• What the task requires
Pictures in the records below are skipped; the rest is copied exactly.
*** Opening Source material ***
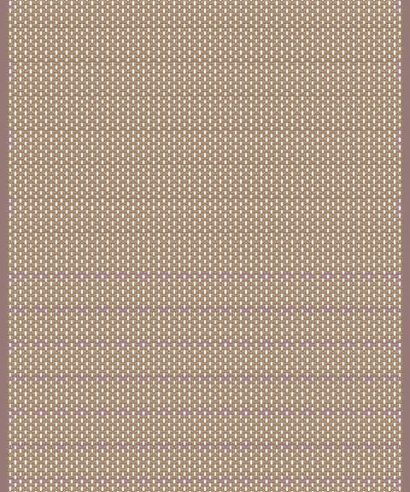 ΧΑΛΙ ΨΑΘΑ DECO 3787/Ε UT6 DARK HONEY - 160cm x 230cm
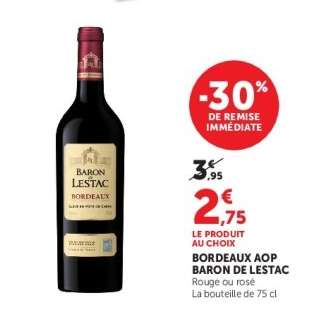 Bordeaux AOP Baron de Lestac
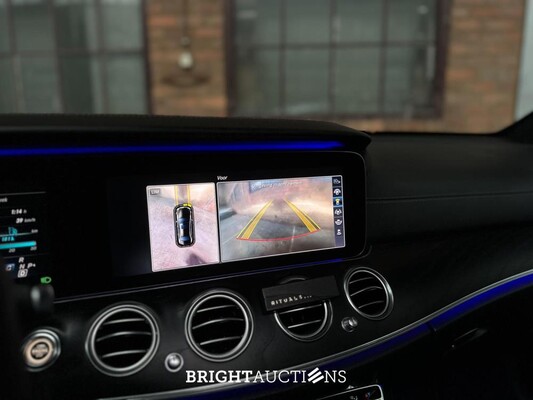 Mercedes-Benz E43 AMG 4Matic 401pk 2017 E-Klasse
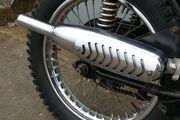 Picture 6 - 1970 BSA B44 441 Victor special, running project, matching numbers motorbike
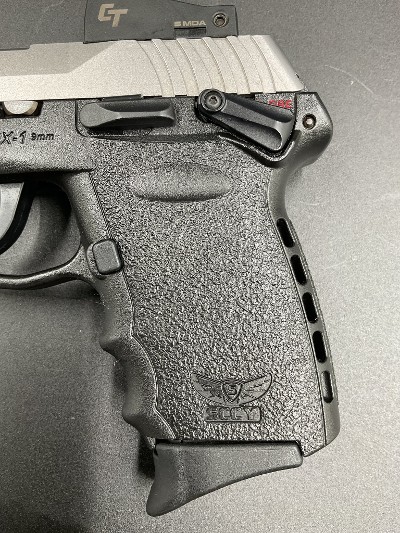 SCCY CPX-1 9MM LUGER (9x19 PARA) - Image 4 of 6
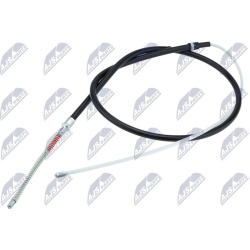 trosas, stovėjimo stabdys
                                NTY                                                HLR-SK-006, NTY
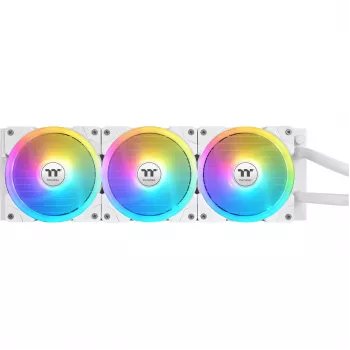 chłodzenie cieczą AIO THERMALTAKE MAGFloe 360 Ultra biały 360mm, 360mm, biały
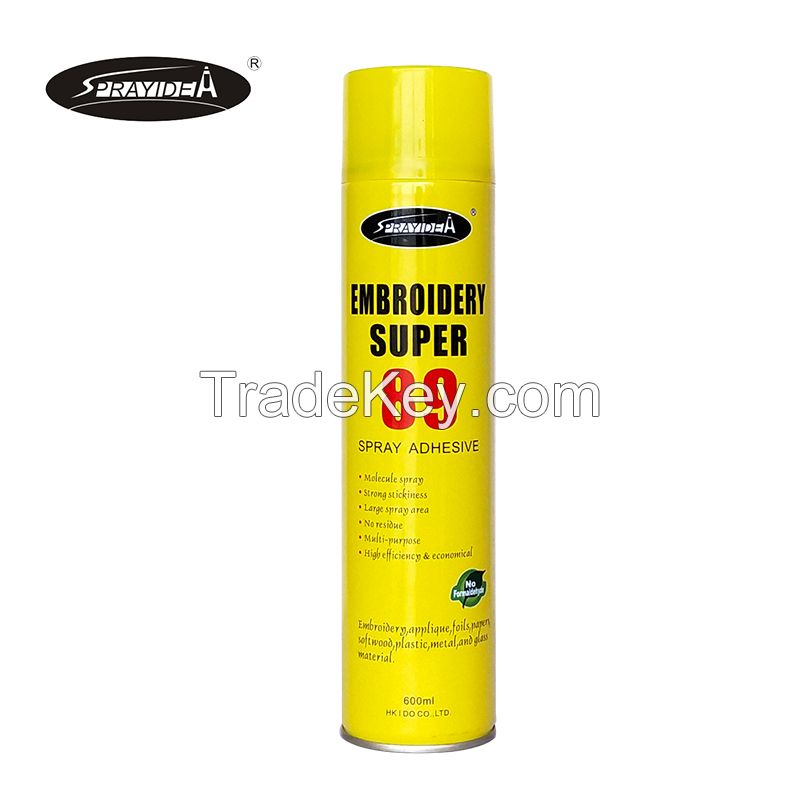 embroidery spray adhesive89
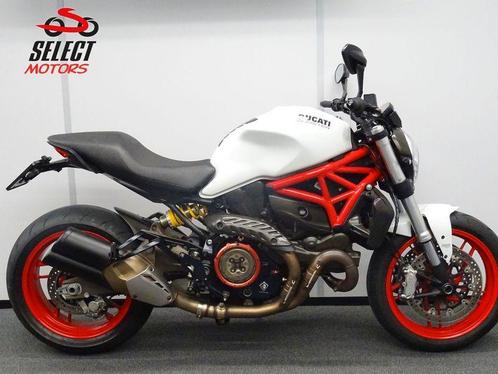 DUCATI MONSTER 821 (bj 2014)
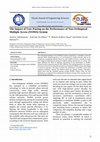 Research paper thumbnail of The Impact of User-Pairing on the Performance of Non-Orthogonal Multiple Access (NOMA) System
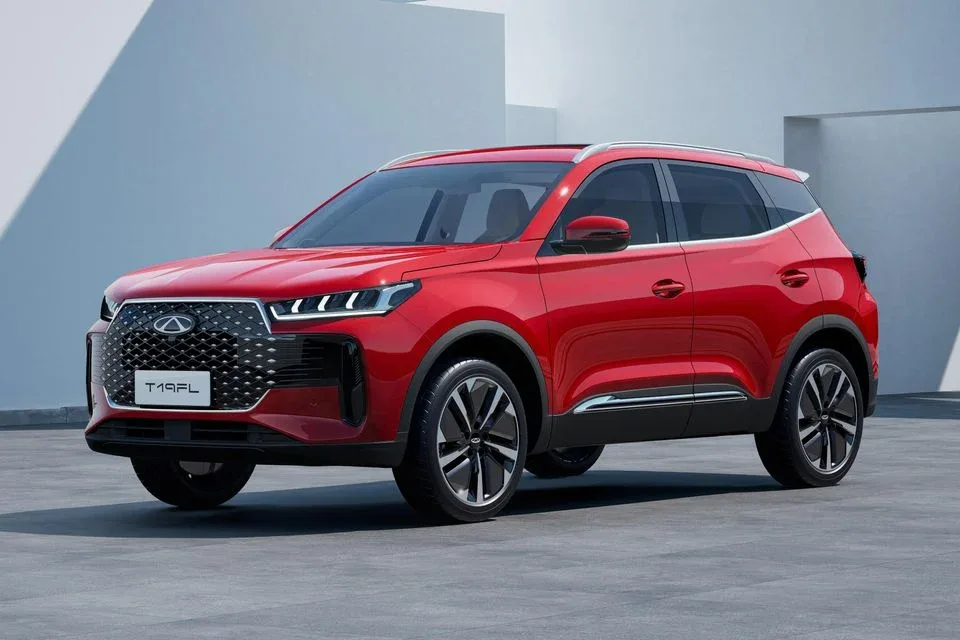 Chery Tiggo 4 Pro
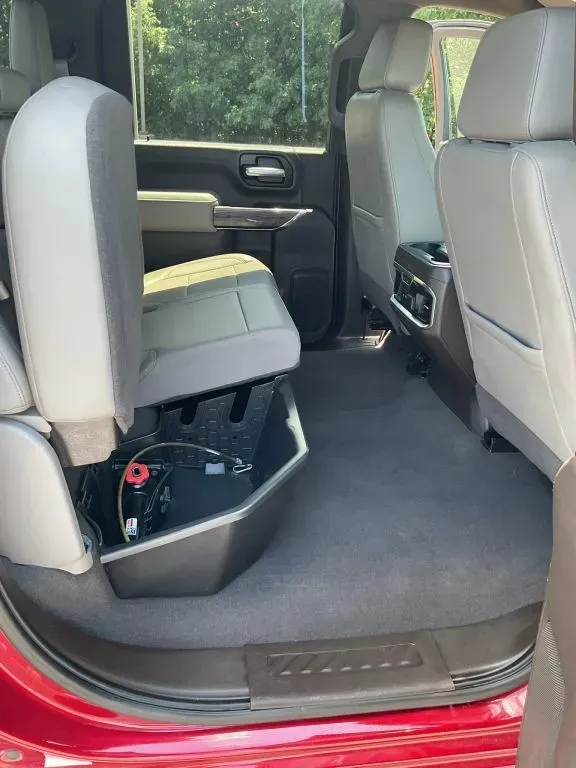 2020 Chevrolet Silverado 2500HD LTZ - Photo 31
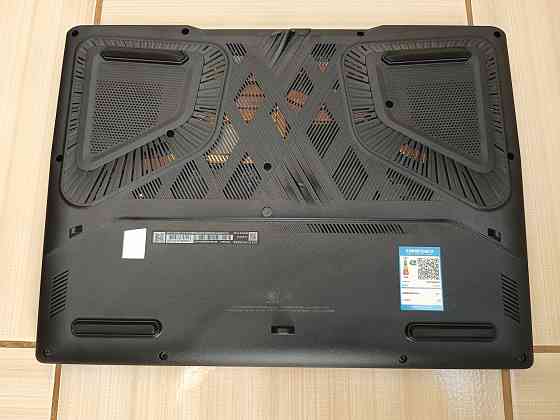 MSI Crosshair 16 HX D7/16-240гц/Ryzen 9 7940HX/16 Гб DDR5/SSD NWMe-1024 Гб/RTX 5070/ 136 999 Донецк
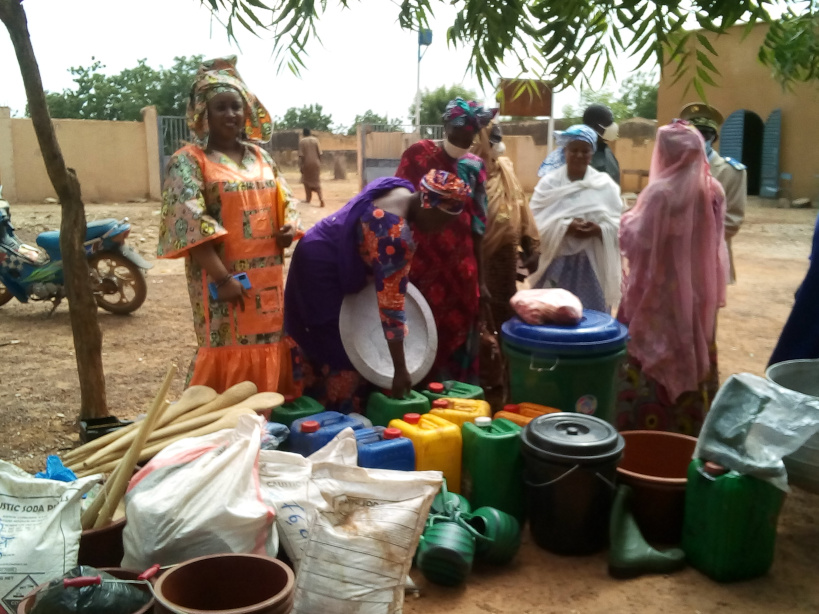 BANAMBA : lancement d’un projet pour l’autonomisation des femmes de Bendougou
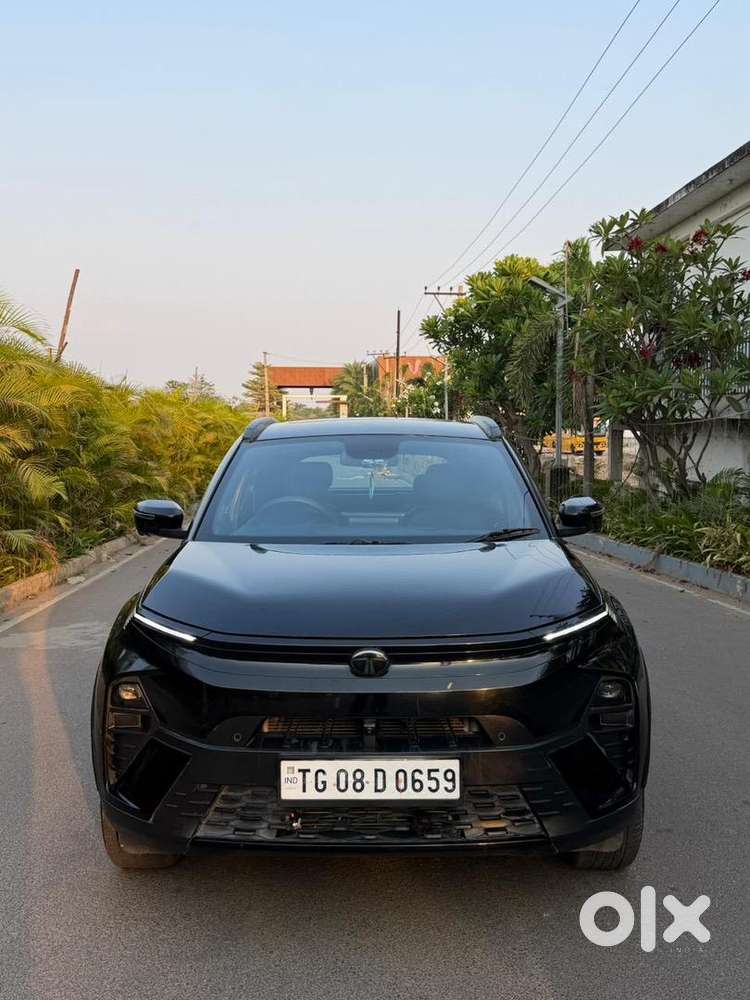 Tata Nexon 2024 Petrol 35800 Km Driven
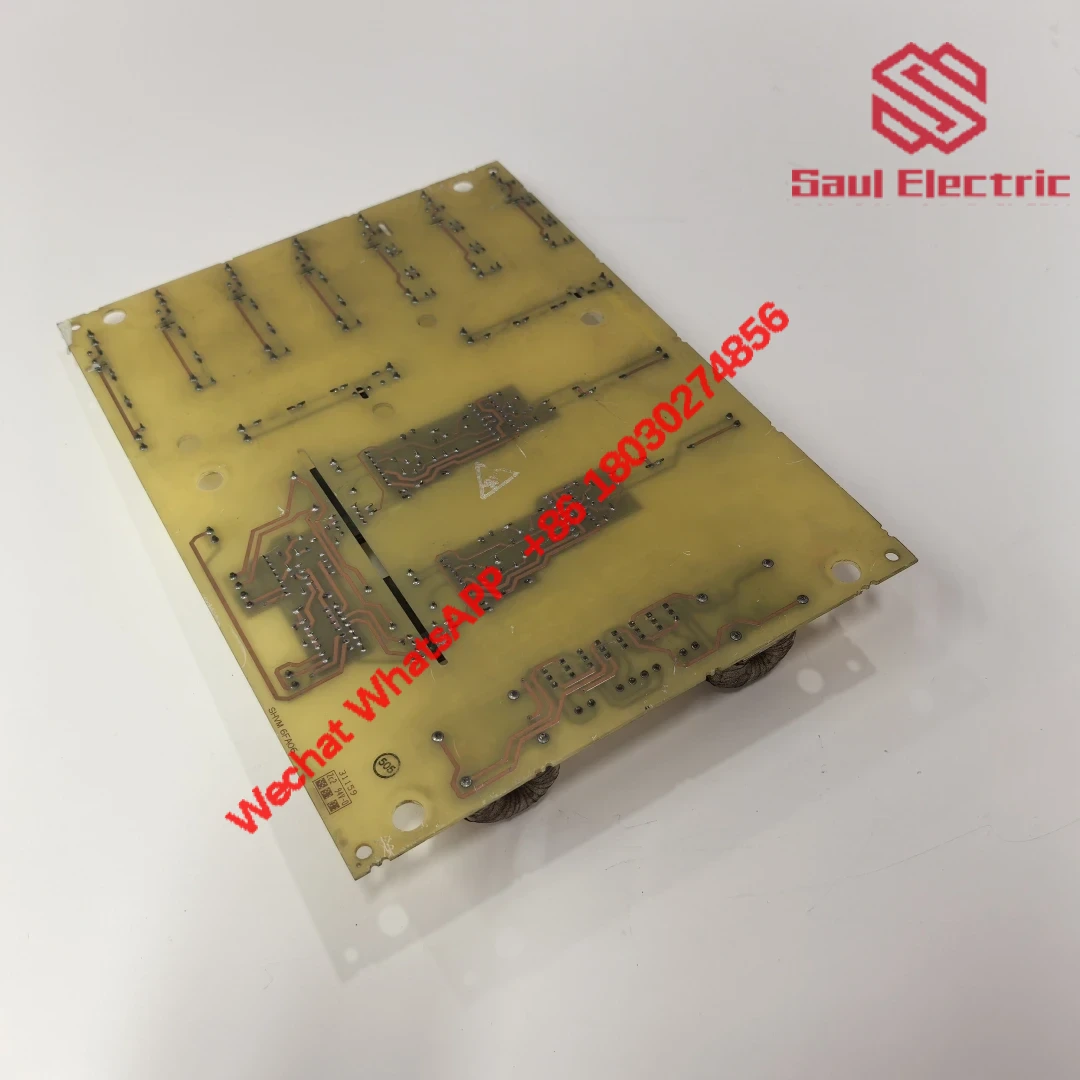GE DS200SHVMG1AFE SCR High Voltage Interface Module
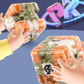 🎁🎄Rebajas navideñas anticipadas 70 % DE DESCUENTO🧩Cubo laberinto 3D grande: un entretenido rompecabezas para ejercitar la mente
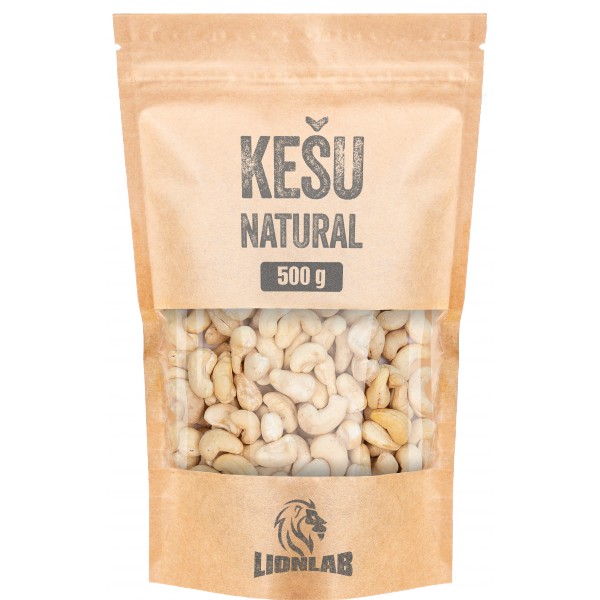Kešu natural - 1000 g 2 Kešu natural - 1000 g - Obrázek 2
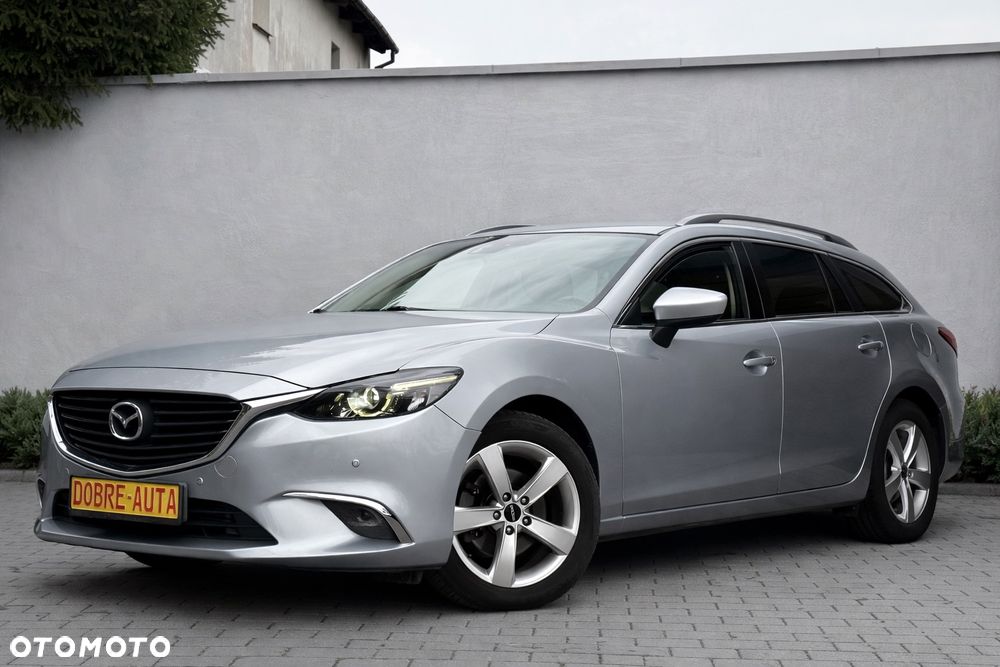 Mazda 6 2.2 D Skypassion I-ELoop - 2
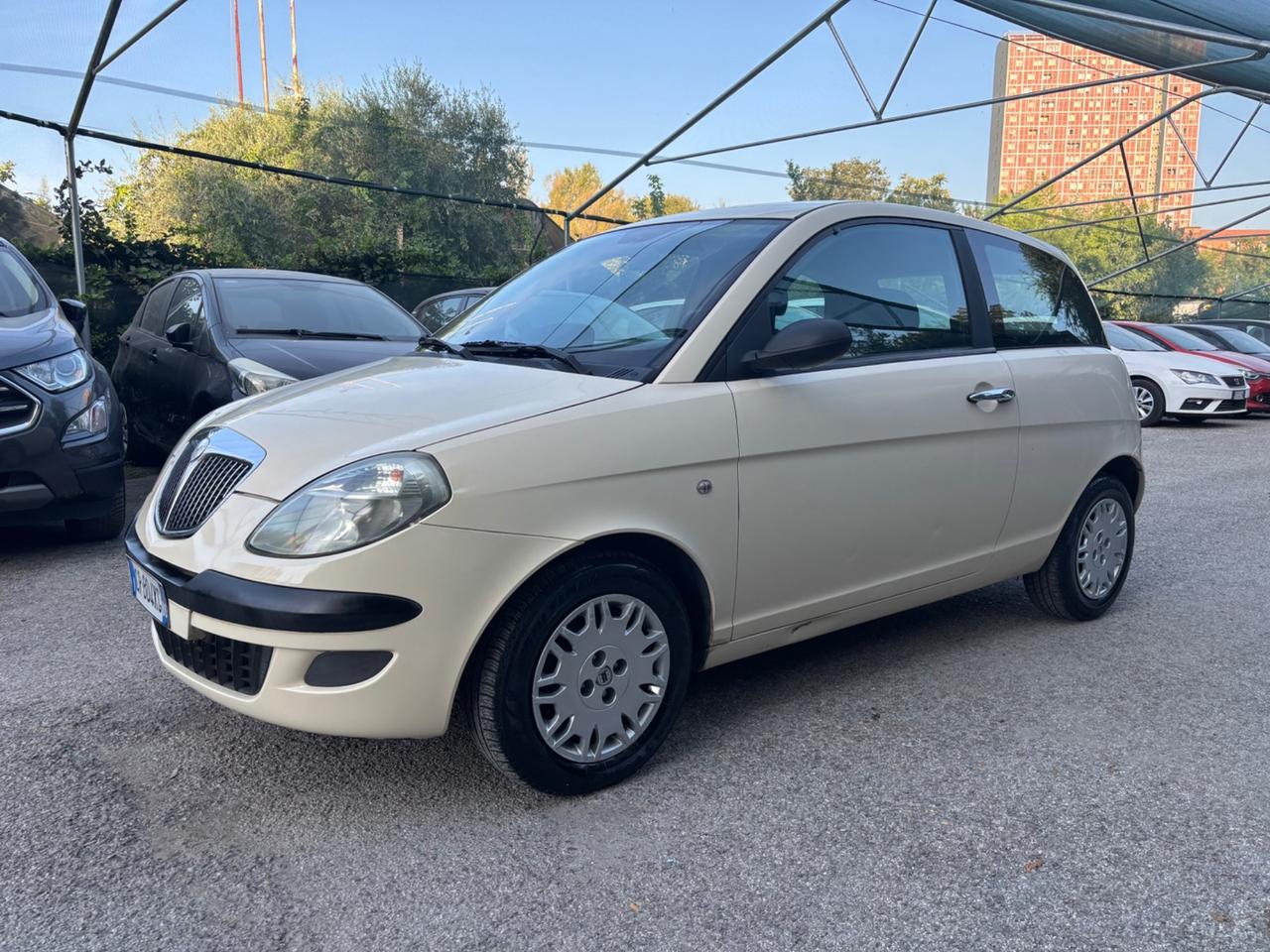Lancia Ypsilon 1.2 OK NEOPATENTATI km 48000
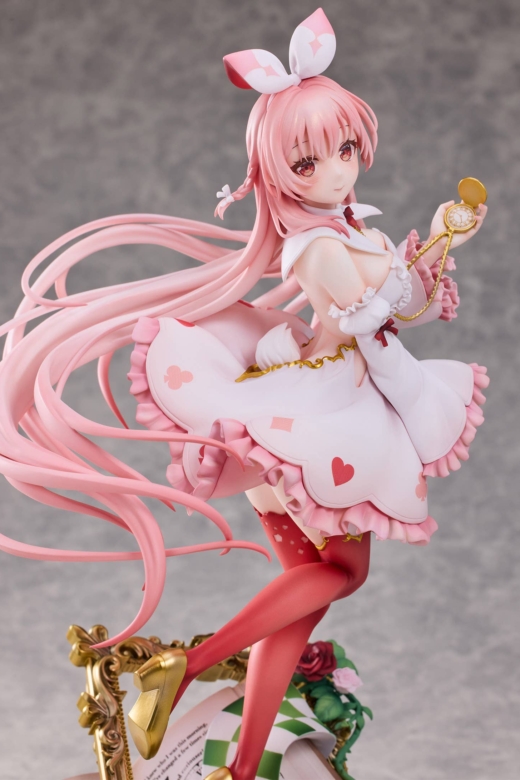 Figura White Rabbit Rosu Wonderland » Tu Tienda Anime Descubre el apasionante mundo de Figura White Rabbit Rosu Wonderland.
*** Closing Source material ***
• Final answer
 ΧΑΛΙ ΨΑΘΑ DECO 3787/Ε UT6 DARK HONEY - 160cm x 230cm
 Bordeaux AOP Baron de Lestac
 Mercedes-Benz E43 AMG 4Matic 401pk 2017 E-Klasse
 Picture 6 - 1970 BSA B44 441 Victor special, running project, matching numbers motorbike
 SCCY CPX-1 9MM LUGER (9x19 PARA) - Image 4 of 6
 trosas, stovėjimo stabdys
                                NTY                                                HLR-SK-006, NTY
 chłodzenie cieczą AIO THERMALTAKE MAGFloe 360 Ultra biały 360mm, 360mm, biały
 embroidery spray adhesive89
 DUCATI MONSTER 821 (bj 2014)
 Research paper thumbnail of The Impact of User-Pairing on the Performance of Non-Orthogonal Multiple Access (NOMA) System
 Chery Tiggo 4 Pro
 2020 Chevrolet Silverado 2500HD LTZ - Photo 31
 MSI Crosshair 16 HX D7/16-240гц/Ryzen 9 7940HX/16 Гб DDR5/SSD NWMe-1024 Гб/RTX 5070/ 136 999 Донецк
 BANAMBA : lancement d’un projet pour l’autonomisation des femmes de Bendougou
 Tata Nexon 2024 Petrol 35800 Km Driven
GE DS200SHVMG1AFE SCR High Voltage Interface Module
 🎁🎄Rebajas navideñas anticipadas 70 % DE DESCUENTO🧩Cubo laberinto 3D grande: un entretenido rompecabezas para ejercitar la mente
Kešu natural - 1000 g 2 Kešu natural - 1000 g - Obrázek 2
 Mazda 6 2.2 D Skypassion I-ELoop - 2
Lancia Ypsilon 1.2 OK NEOPATENTATI km 48000
 Figura White Rabbit Rosu Wonderland » Tu Tienda Anime Descubre el apasionante mundo de Figura White Rabbit Rosu Wonderland.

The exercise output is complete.